FONTE
Há um discurso corrente que reforça a ideia de que mulheres que se tornam mães se tornam, também, super heroínas.
Que são
super mulheres que dão conta de diferentes demandas e acumulam diferentes
tarefas.
Mulheres maravilhas, dotadas de capacidade diferenciada do
restante da população, capazes de modificar agendas, de se transformar em
múltiplas e até, quem sabe, multiplicar os pães.

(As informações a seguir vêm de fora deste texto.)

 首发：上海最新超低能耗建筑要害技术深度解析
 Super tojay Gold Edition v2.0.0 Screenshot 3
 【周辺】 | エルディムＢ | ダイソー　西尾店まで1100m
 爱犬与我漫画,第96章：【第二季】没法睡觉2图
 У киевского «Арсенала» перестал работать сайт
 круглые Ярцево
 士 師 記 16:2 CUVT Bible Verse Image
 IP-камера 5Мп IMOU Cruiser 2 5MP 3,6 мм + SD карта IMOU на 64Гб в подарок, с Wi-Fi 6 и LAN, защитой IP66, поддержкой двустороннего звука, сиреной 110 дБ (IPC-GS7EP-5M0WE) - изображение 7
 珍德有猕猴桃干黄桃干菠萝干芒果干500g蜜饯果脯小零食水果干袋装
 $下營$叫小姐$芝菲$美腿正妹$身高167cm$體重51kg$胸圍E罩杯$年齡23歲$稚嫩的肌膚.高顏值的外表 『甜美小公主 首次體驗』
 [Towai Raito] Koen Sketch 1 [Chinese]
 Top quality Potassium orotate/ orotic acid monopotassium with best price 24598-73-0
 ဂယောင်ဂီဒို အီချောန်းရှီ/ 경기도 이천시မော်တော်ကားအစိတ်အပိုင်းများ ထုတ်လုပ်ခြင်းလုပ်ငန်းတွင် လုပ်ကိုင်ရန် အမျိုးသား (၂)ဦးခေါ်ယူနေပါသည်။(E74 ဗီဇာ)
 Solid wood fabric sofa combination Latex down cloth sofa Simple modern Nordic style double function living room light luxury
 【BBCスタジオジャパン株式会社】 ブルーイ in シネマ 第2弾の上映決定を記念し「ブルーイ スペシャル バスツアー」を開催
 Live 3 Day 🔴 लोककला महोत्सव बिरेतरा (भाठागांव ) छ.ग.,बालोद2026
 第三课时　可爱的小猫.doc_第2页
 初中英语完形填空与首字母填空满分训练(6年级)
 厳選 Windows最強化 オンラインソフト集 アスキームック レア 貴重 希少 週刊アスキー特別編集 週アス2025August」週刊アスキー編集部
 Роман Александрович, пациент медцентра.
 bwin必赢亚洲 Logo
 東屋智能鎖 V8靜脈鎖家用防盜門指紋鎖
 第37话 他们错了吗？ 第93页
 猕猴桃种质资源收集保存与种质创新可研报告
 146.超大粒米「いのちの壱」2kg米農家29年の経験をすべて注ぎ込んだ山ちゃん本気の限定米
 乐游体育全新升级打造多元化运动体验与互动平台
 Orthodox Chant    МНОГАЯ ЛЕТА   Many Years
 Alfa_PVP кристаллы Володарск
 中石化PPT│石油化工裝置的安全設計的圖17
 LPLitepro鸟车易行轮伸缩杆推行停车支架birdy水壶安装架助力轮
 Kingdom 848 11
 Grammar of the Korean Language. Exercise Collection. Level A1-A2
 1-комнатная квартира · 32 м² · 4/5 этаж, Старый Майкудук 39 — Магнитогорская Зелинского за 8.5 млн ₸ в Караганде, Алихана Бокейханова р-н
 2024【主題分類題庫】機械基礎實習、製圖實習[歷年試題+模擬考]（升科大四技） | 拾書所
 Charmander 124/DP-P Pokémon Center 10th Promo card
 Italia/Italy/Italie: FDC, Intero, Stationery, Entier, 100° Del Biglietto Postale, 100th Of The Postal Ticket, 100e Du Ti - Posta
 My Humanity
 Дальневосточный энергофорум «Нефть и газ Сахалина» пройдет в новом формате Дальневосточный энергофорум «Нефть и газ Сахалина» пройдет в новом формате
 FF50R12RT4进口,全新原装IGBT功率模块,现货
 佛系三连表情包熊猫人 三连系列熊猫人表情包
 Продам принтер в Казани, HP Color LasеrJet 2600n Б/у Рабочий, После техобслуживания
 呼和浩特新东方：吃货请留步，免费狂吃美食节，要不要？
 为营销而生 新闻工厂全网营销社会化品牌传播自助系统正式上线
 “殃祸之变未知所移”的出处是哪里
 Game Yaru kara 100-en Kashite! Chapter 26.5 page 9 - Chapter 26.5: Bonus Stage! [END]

Tudo isso para dar conta da casa, da
vida profissional, dos filhos, da alimentação, das roupas, de suas demandas
individuais e mais as demandas individuais das pessoas de sua convivência.
E
então nós, as mães, batemos no peito, ostentamos nosso orgulho e bradamos ao coletivo: SIM,
SOMOS FODA. Somos mulheres maravilhas e damos conta de tudo. Dane-se que você não
dê, dou conta no seu lugar, faço a sua parte e faço muito bem feito.
Sabe o que é isso? Não é um super poder.
Sabe o que é isso? Não é um dom, uma dádiva.
Sabe o que é isso?
Isso se chama: falácia. Isso se chama: opressão.
Isso se chama: discurso criado pelo senso comum (machista, patriarcal e
opressor) e reverberado por nós mesmas e que não, não nos representa. Não nos
privilegia. Não nos ajuda. E nos oprime. Ainda mais.
Veja. À medida que reforçamos o fato de termos poderes que não
temos (porque não, gente, não temos...), dizemos à sociedade: “Tudo bem essa sobrecarga, eu aguento”. “Tudo bem
esse acúmulo de tarefas, eu dou conta”. “Tudo bem que você não queira fazer sua
parte com seus filhos, eu faço”. Nós dizemos: “Tudo bem. Eu aceito. E faço
desse limão uma caipirinha”. “Deixa pra mim, eu faço o que você deveria fazer”.
E assim, aceitando esse discurso que nos sobrecarrega, nos cansa, nos
esgota, vamos tocando em frente, achando que, por isso, somos especiais.
Nós
não somos especiais.
Nós nos cansamos, e sofremos, e sentimos, e choramos de exaustão,
e fingimos que não dói e que tudo bem, somos resilientes e vamos superar.
Porque o que não nos mata faz o que? “Nos torna mais fortes”. Pode ser que sim.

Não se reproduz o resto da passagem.